Obasanjo wrote all this despite the fact that his son, Gbenga, divorced his wife in 2008 after deposing in a court affidavit that she slept with his father (Obasanjo). Memoirs are supposed to be encompassing; so, Obasanjo should have recounted in the book what transpired between himself and his daughter-in-law.
How else can one explain his narrative of his encounter with governors who came to see him after the Governors Forum election debacle other than sheer mischief?
“Two governors from the (PDP) – Liyel Imoke of Cross River and Emmanuel Uduaghan of Delta State – and Godswill Akpabio from Akwa Ibom State by himself, came to me in Abuja, appealing to me to intervene in the situation of the Governors Forum, particularly in the disagreement within the PDP governors. Akpabio said starkly in his frank and outspoken manner: ‘We have messed up and don’t leave us alone. For me, I don’t want to go to jail and my children are too young. I will report our meeting to the President.”
In Obasanjo’s usual style, every Nigerian is a liar, a thief or incompetent, except himself. You wonder what he actually achieved in all the years he ruled the country. It is obvious that My Watch is Obasanjo’s last desperate attempt to damage President Goodluck Jonathan politically and make him unelectable in 2015. His timing of the launch on the eve of Jonathan’s nomination by the PDP was deliberate. Obasanjo intends to use the book to inflict mortal damage, hence his choice of words and narrative.
He wrote: “Jonathan is lacking in broad vision, knowledge, confidence, understanding, concentration, capacity, sense of security, courage, moral and ethical principles, character and passion to move the nation forward on a fast trajectory. Although he might wish to do well, he does not know how nor does he have the capacity to.

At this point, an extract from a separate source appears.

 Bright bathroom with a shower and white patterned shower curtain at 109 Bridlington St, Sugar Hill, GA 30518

To compound his problem he has not surrounded himself with aides sufficiently imbued with the qualities and abilities to help him out. Most of them are greedy hangers-on or hungry lackluster characters interested only in their mouths and their pockets.”

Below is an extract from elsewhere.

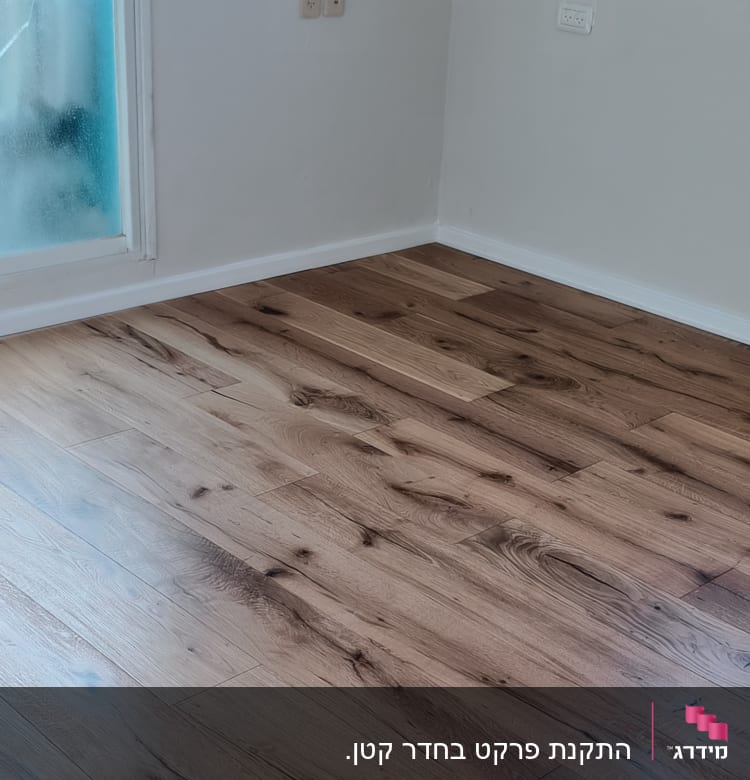 רצפת פרקט עץ בחדר עם קיר לבן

Obasanjo branded Jonathan the most corrupt leader Nigeria ever had. “In the area of corruption … under Jonathan we seem to have gone from frying pan to fire. If in the past corruption was in the corridors of power, it would seem now to be in the sitting room, dining room and bedroom of power. If what is called ‘corruption’ is stealing, under the watch of Goodluck Jonathan, then government has become legalised and protected robbery.”

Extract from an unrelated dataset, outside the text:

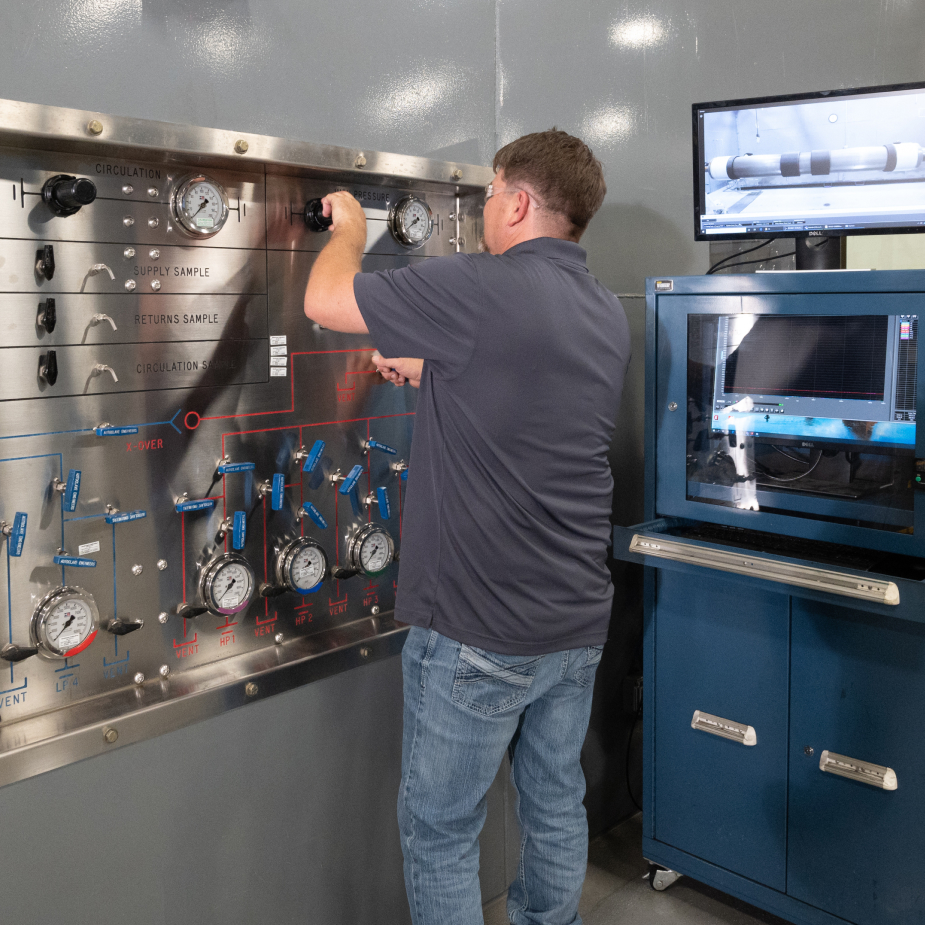 A TAM engineering turning nobs to adjust pressure while testing downhole equipment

Then, Obasanjo threw the sucker punch, describing Jonathan as an inept, ineffective, inefficient, careless, clueless, callous, insensitive, and a selfish leader. Most times when you hear Obasanjo talk, you wonder if he is not the same man who ruled Nigeria for eight years. I have been wondering if he could have allowed anyone to write this kind of book about him when he was in power.
Obasanjo forced Audu Ogbeh to resign his chairmanship of the PDP because Ogbeh chastised him over the role he played in the kidnap of Governor Chris Ngige. I remember the instability in the Senate and how he orchestrated the impeachment of about four Senate presidents. Obasanjo chased out the founding fathers of the PDP, which was formed when he was in prison. I remember the do-or-die elections that he foisted on the country. I remember the unexplained political assassinations, including the killing of his Justice Minister and Attorney General of the Federation, Bola Ige. I remember the illegal impeachment of governors, including Joshua Dariye of Plateau State and Rasheed Ladoja of Oyo State.
Obasanjo used the EFCC to hound political opponents. I remember how, he, a man who came out of prison, wretched and almost broken, became one of the richest Nigerians alive today after eight years in power as president, and I wonder where he got the money. If Obasanjo had allowed the people to be the pivot of our democracy, we wouldn’t have had a Yar’Adua/Jonathan presidency in the first place.
He used his eight-year tenure to enthrone political imposition and gangsterism. Yet, he has the guts to throw stones. I don’t blame him. I blame the system that has tolerated him for so long. What Obasanjo has done with his new memoirs is to challenge others to document their own account, and expose him for what and who he is – as General Alabi Isama did in his book, The Tragedy of Victory, which eviscerated Obasanjo’s war memoirs.